• **EXERCISE OBJECTIVE**: In the entries that follow, the line with "18 Parish Court - Afar" opens the range and the line with "Les Pieds Dans" closes it; repeat that range exactly, both lines included.

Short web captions
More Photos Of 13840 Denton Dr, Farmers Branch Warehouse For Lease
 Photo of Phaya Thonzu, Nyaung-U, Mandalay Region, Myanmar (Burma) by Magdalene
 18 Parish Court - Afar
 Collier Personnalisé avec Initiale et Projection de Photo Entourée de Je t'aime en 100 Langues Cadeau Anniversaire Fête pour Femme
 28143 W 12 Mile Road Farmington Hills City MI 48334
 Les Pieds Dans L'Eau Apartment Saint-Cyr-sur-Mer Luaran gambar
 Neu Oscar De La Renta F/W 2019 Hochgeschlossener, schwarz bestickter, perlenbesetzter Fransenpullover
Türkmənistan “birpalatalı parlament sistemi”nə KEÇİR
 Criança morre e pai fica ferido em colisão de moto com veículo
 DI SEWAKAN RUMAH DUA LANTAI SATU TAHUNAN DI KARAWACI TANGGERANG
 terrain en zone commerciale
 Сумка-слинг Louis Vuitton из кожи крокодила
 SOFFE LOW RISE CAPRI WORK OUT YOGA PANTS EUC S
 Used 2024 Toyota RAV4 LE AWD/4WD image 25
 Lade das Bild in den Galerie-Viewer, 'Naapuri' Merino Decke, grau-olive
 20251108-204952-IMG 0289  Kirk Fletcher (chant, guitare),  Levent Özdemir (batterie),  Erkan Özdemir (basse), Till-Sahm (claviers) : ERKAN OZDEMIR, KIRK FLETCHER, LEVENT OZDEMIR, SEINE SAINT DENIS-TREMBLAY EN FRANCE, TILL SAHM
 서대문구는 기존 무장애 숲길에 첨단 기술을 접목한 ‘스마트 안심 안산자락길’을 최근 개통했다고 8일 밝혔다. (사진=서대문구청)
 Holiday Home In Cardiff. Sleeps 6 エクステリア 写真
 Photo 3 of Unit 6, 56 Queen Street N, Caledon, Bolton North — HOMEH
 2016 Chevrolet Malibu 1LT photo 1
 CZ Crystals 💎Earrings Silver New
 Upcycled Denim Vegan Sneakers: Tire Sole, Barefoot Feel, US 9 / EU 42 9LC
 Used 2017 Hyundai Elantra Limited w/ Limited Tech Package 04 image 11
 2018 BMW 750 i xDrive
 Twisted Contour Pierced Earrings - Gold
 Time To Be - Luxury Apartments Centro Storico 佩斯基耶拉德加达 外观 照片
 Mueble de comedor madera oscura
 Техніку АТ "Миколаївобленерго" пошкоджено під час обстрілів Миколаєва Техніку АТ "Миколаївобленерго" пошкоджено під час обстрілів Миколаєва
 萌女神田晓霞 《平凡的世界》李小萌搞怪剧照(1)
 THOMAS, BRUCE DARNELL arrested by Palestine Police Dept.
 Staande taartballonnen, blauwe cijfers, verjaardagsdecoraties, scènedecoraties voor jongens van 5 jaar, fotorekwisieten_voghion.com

• **RESPONSE TO THE TASK**:
 18 Parish Court - Afar
 Collier Personnalisé avec Initiale et Projection de Photo Entourée de Je t'aime en 100 Langues Cadeau Anniversaire Fête pour Femme
 28143 W 12 Mile Road Farmington Hills City MI 48334
 Les Pieds Dans L'Eau Apartment Saint-Cyr-sur-Mer Luaran gambar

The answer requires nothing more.